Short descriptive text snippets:
Segment Open
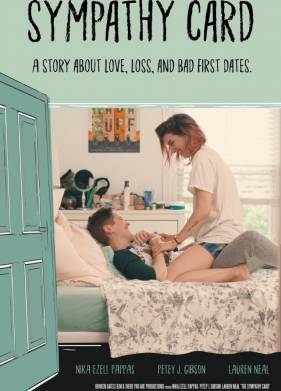 ���� �� ������� (2019)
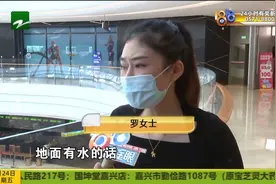 健身房滴水扭伤膝盖 “威尔仕”承担合理费用视频封面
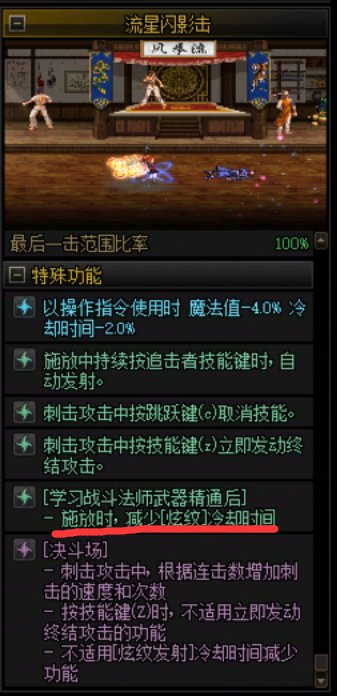 记录一下武器精通的BUG2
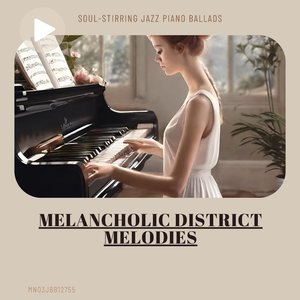 Bixbite Ballad (Spa Moments)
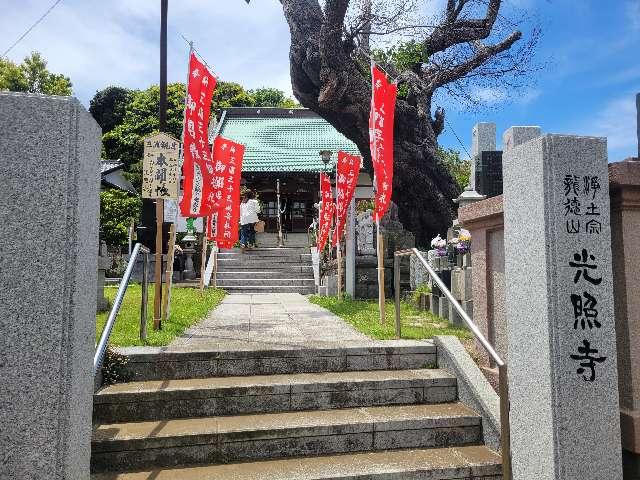 龍徳山 光照寺の参拝記録1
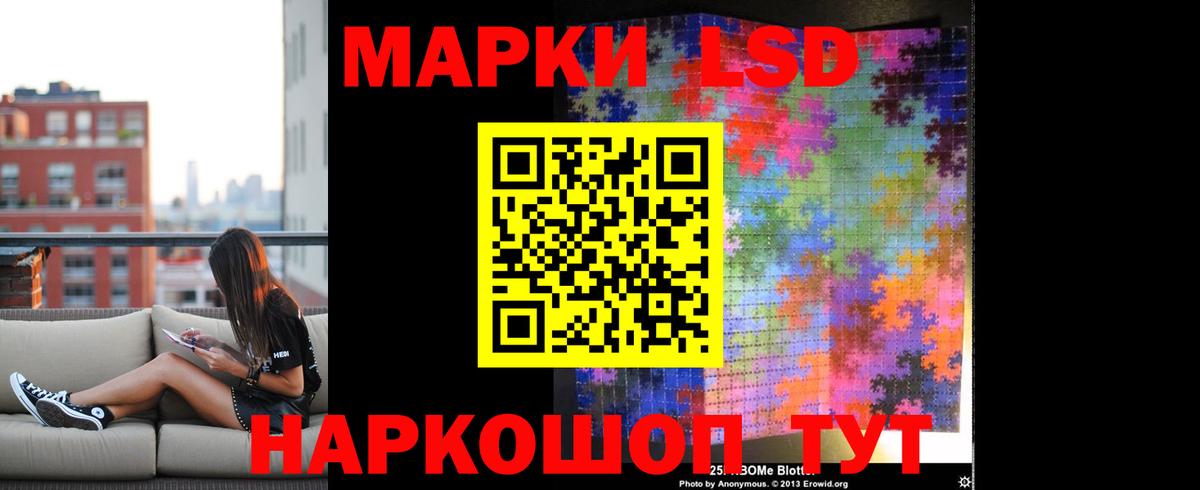 LSD-25 экстази кислота  LSD-25 экстази ecstasy  Вход с VPN  Урус-Мартан 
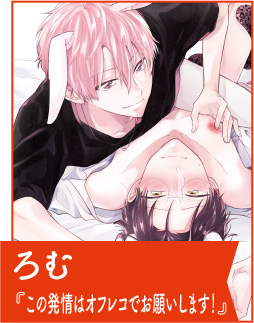 ろむ『この発情はオフレコでお願いします!』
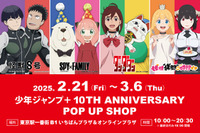 「SPY×FAMILY」「ダンダダン」「怪獣8号」「ひめごう」のグッズが集結！ 「少年ジャンプ＋」10周年記念ポップアップショップ、期間限定オープン 画像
Segment Closed
▸ TASK DETAILS
Reprint every record exactly and skip the pictures.

▸ RESULT OF THIS EXERCISE
 ���� �� ������� (2019)
 健身房滴水扭伤膝盖 “威尔仕”承担合理费用视频封面
 记录一下武器精通的BUG2
 Bixbite Ballad (Spa Moments)
 龍徳山 光照寺の参拝記録1
 LSD-25 экстази кислота  LSD-25 экстази ecstasy  Вход с VPN  Урус-Мартан 
 ろむ『この発情はオフレコでお願いします!』
 「SPY×FAMILY」「ダンダダン」「怪獣8号」「ひめごう」のグッズが集結！ 「少年ジャンプ＋」10周年記念ポップアップショップ、期間限定オープン 画像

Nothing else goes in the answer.